*EXERCISE OBJECTIVE*:
Among the entries below, which lines run from the line with "皇后之路 细节教学 2019-07-30 04点场" through the line with "公司机构设置及基本管理规定"? Retype those, both ends included, exactly and without pictures.

*RECORD EXCERPTS*:
□ □ □ □ □

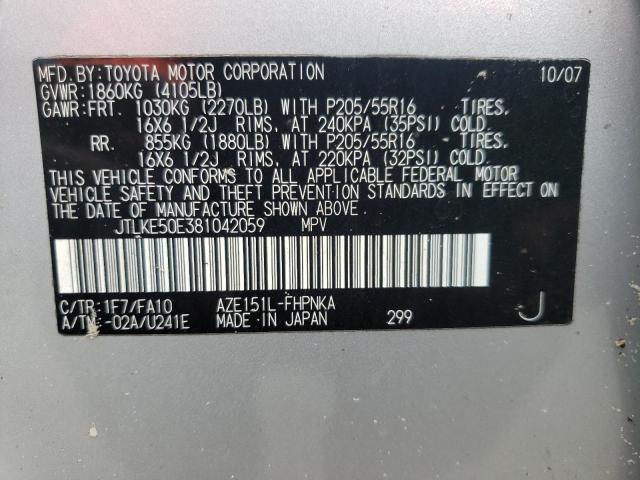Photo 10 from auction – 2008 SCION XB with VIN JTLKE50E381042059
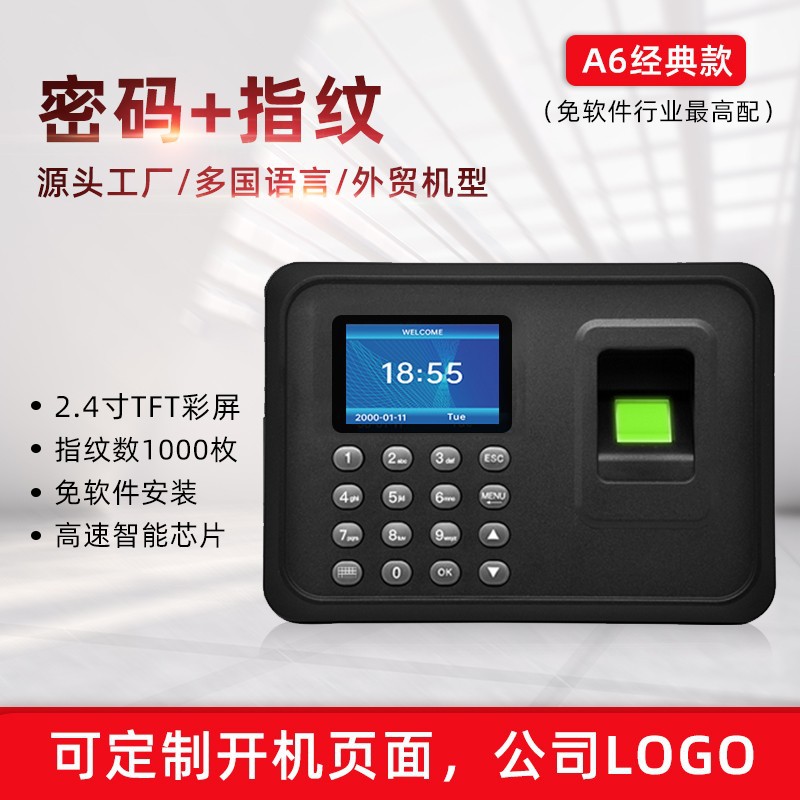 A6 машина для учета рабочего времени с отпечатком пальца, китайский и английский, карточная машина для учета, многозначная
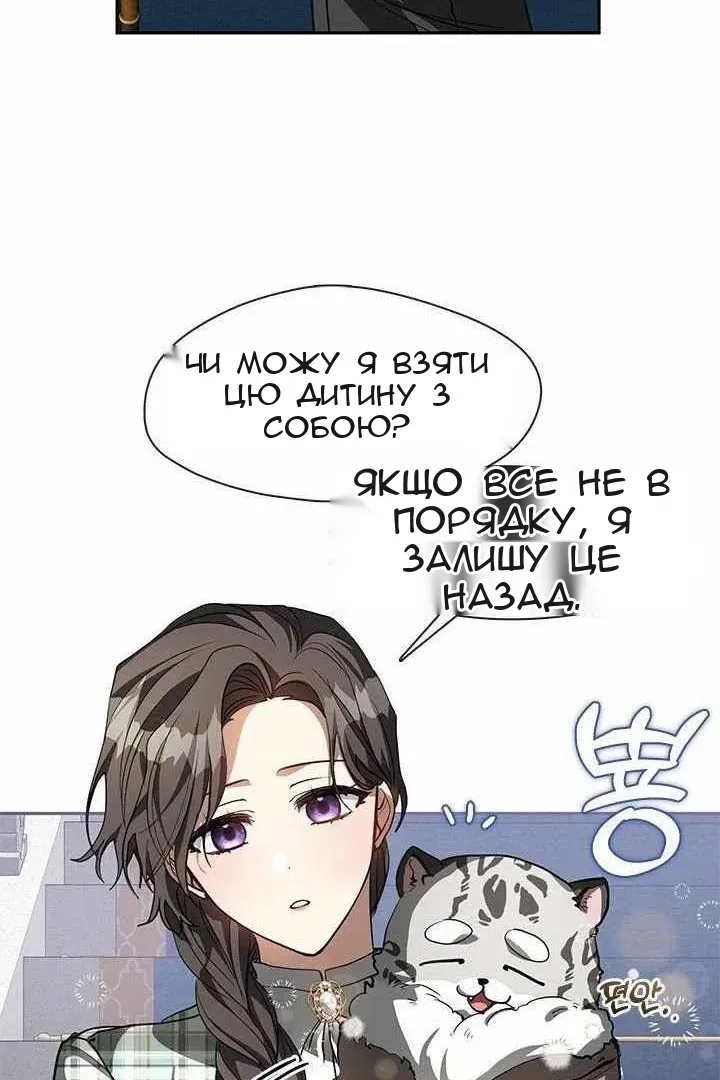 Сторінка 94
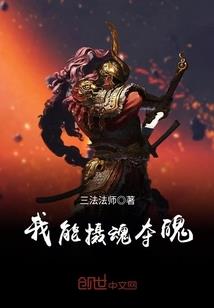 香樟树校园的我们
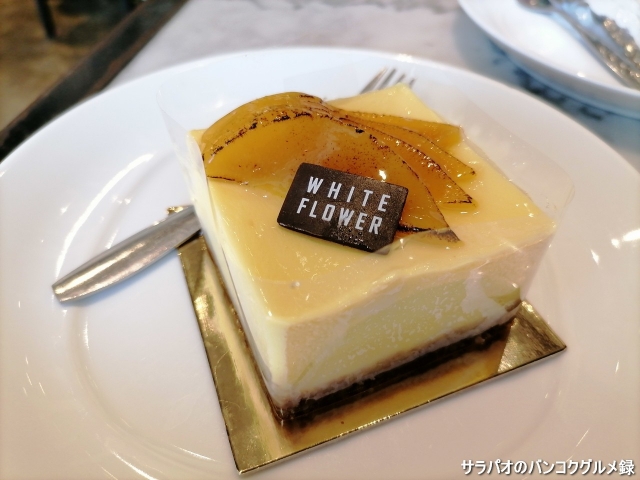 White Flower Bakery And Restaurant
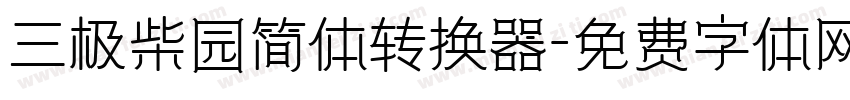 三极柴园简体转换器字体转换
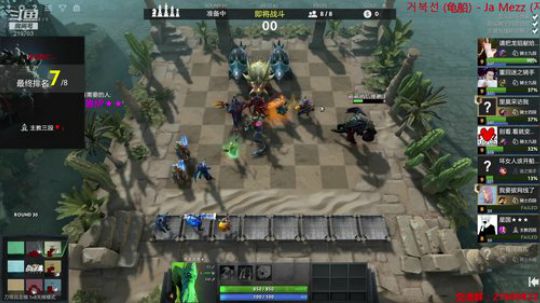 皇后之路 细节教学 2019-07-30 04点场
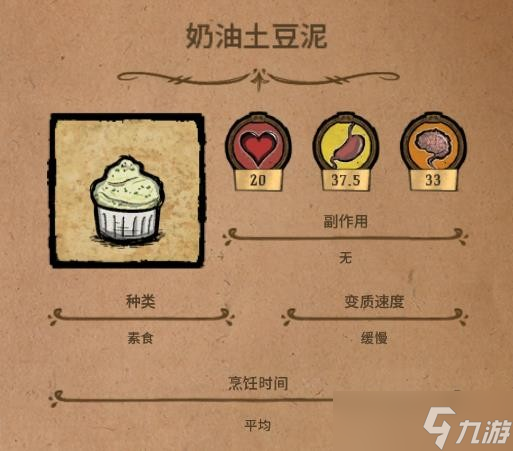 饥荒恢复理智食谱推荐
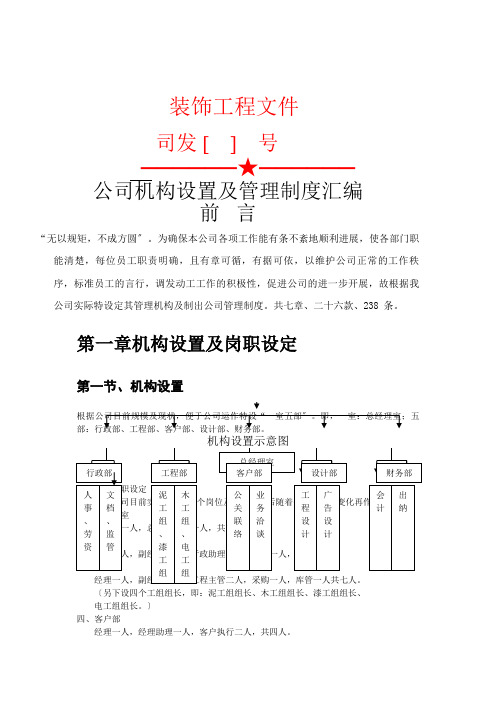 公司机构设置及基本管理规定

□ □ □ □ □

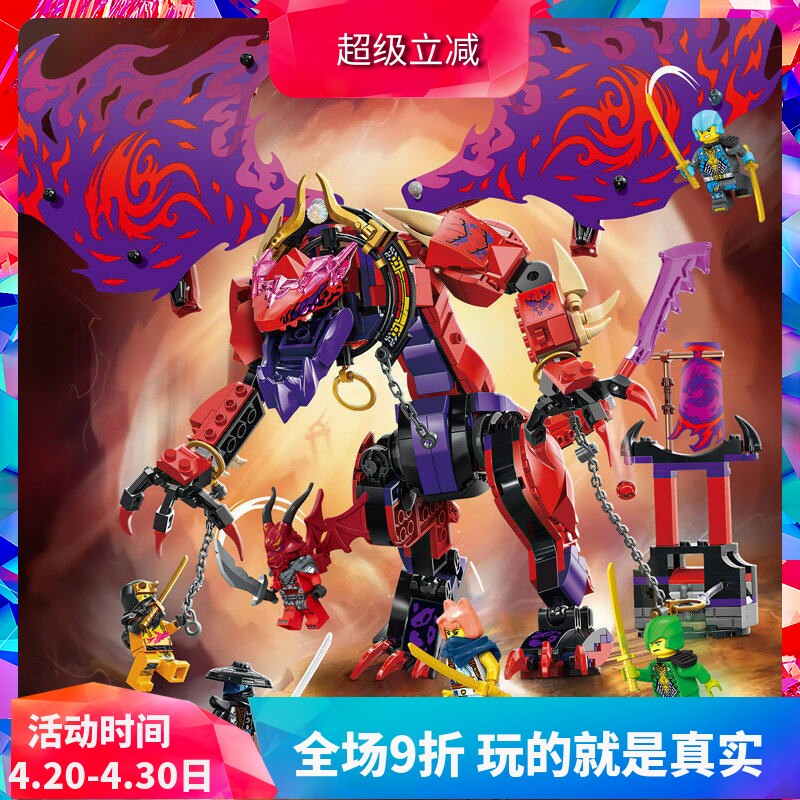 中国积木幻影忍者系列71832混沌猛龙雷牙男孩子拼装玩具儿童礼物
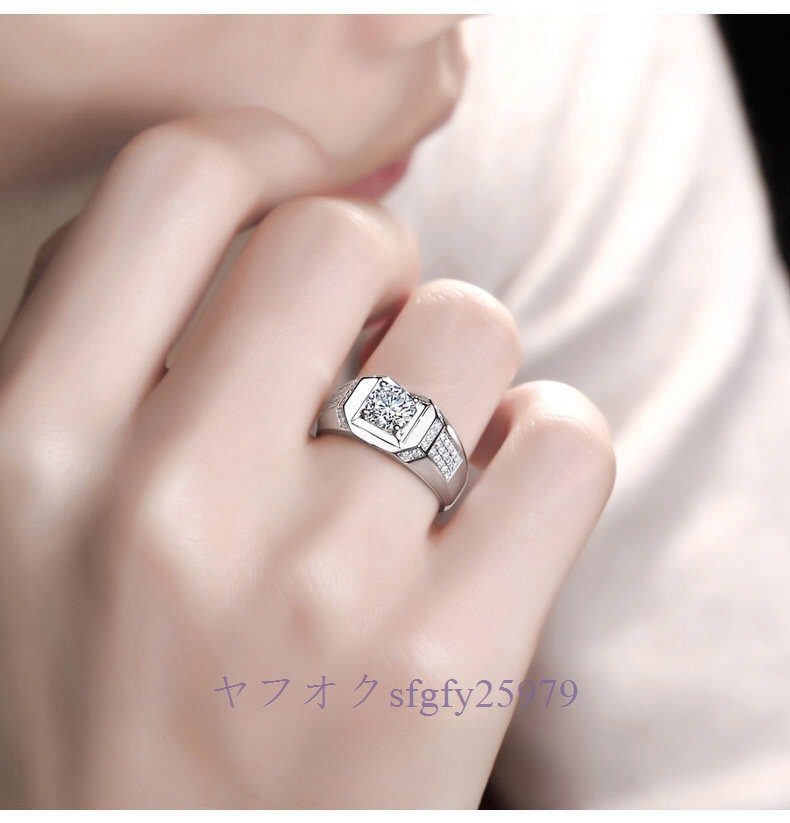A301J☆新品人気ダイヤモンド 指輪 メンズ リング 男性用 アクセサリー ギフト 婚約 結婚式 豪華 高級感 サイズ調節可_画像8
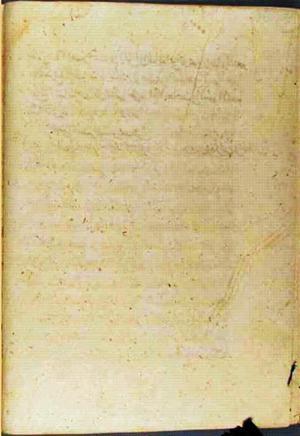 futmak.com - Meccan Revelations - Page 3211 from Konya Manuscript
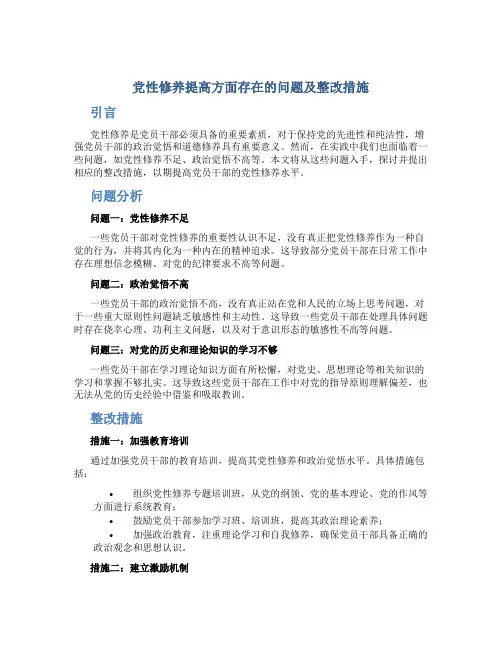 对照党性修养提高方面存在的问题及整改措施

□ □ □ □ □

*SOLUTION FOR THIS EXERCISE*:
 皇后之路 细节教学 2019-07-30 04点场
 饥荒恢复理智食谱推荐
 公司机构设置及基本管理规定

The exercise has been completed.